There was work, however, if you were open to less-fashionable industries. Chamberlain accepted jobs at a series of mining and chemical companies where he carried out tasks such as leaching gold and copper from rocks and developing new semiconductors. It was not long before his employers perceived a latent talent—an unusual ability to speak to anyone as an equal. To them this meant potential in sales. But if Chamberlain was possibly more valuable on the sales staff than in the lab, his raw ability would require honing. In his first job, his bosses began with instruction in deciphering a client’s desires, in addition to what he didn’t know he needed and wanted. Later, Chamberlain would recall those lessons quite a bit.
Chamberlain’s closest friend in these years was Dave Schroeder, a smart, funny, and mouthy Illinois native with whom he worked at a microprocessor company called Cabot Industries. Neither man was liked much by the Cabot hierarchy, which regarded them as troublemakers. For their part, Chamberlain and Schroeder sensed capitalism gone awry with managers who created an unnecessary “battling culture.” They felt they might do a lot better if they started their own firm. So, while keepi
ng their day jobs, they tried out some ideas.
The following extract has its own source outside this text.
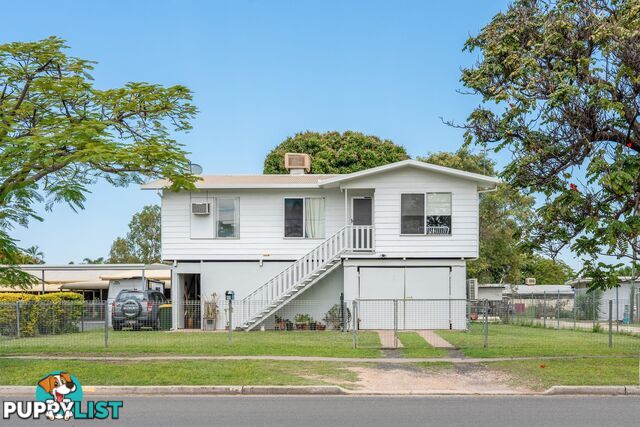 57 Roberts Street EMERALD QLD 4720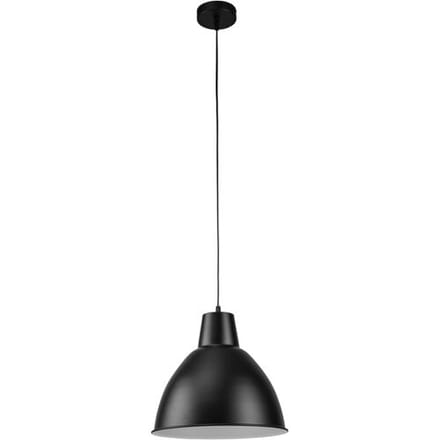 LIVARNO LED-hanglamp (Zwart)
Their first brainchild was Chamberlain’s. It revolved around fantasy baseball. For those unfamiliar with fantasy sports, it is a multibillion-dollar-a-year industry1 whose participants choose imaginary rosters of players from real sporting teams, and keep score—often for money—based on the players’ individual statistics. Chamberlain devised software that he thought could improve the chances of winning. It borrowed from rolling averages used by stock pickers, the insight that events tend over time toward the average. Consider baseball hitting—“somebody like, say, Ryan Braun,” Chamberlain said. “He plays for the Brewers and was the MVP of the National League. He’s twenty-eight, twenty-nine now, and has swung a bat since he was five.” Say Braun’s hitting suddenly takes a dive. “The fantasy baseball player would say: ‘Oh God, the batting average is way down; I am benching him.’” But Chamberlain’s thesis was that that was precisely the moment to muster the nerve to keep him in. Because Braun would return to his average. And the only way to do so was to hit above his average. “It was counterintuitive,” Chamberlain said.
The idea was to sell it to Yahoo!, which at the time had hundreds of thousands and possibly millions of fantasy sports subscribers paying ten dollars a month to monitor statistics in real time. Calling the invention “Trend Tracker,” Chamberlain and Schroeder filed for a patent.
One day, they sat down for a meeting with Yahoo!’s senior fantasy sports executive.
“I can’t believe we didn’t think of this,” the executive said. A young assistant said, “Okay, if it is that great, let’s us do it. Thanks for the meeting.” The executive glared. “Did you hear at the beginning of the meeting when they said they already filed patents on it?” he said.